§ Task directions: An exact copy is all that is wanted: the lines from the one with "The real Dana" through the end of the listing below, both included, minus any pictures.

§ Given entries:
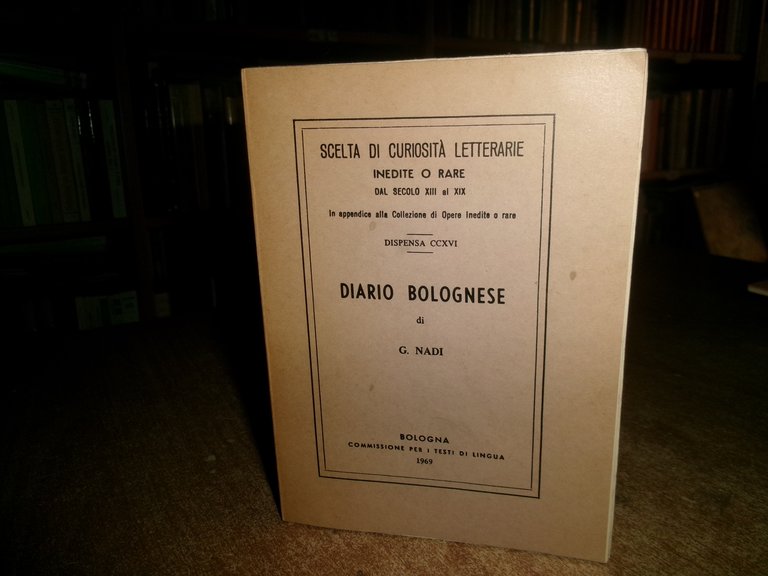 (Bologna) Diario Bolognese di Gaspare Nadi a cura di C.Ricci …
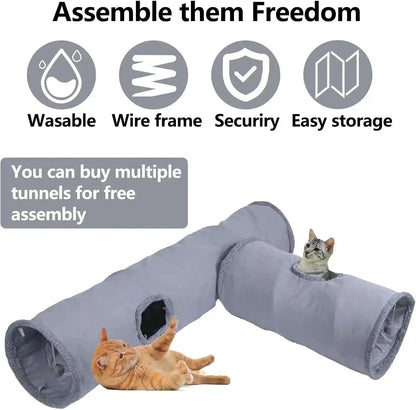 Cat Tunnel, Durable Suede Collapsible Cat Play Tube Toys with Play Ball, Indoor Cat Tunnel for Cat, Puppy, Kitty, Kitten, Rabbit (Small)6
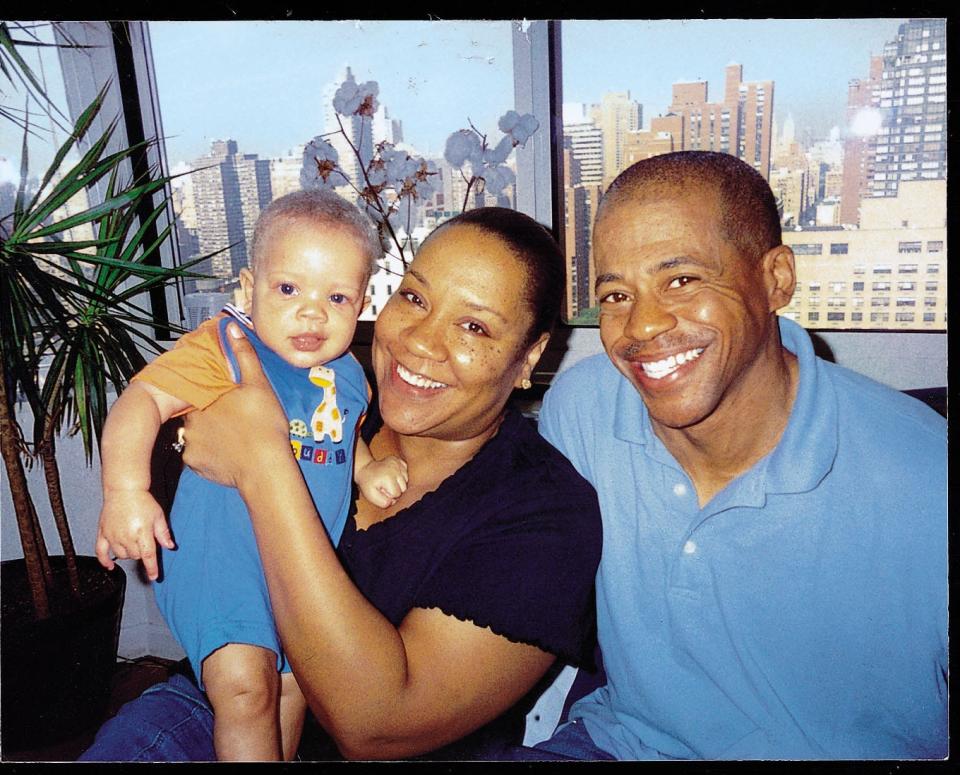 The real Dana and Charles with their young son, Jordan.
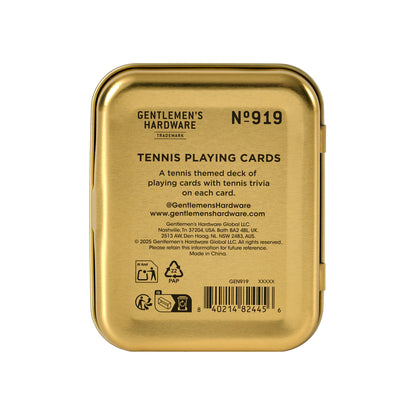 Tennis Themed Playing Cards Gentlemen's Hardware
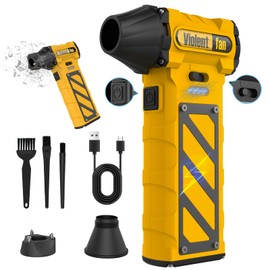 Electric Air Duster-Compressed Air Duster,60mph Wind Stepless Speed Canned Air for PC/Compute/Electronics/Home&Car Cleaning, 150000RPM Air Blower to Spray Air Can Dust Off Keyboard Cleaner (Yellow)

§ Answer to the problem:
 The real Dana and Charles with their young son, Jordan.
 Tennis Themed Playing Cards Gentlemen's Hardware
 Electric Air Duster-Compressed Air Duster,60mph Wind Stepless Speed Canned Air for PC/Compute/Electronics/Home&Car Cleaning, 150000RPM Air Blower to Spray Air Can Dust Off Keyboard Cleaner (Yellow)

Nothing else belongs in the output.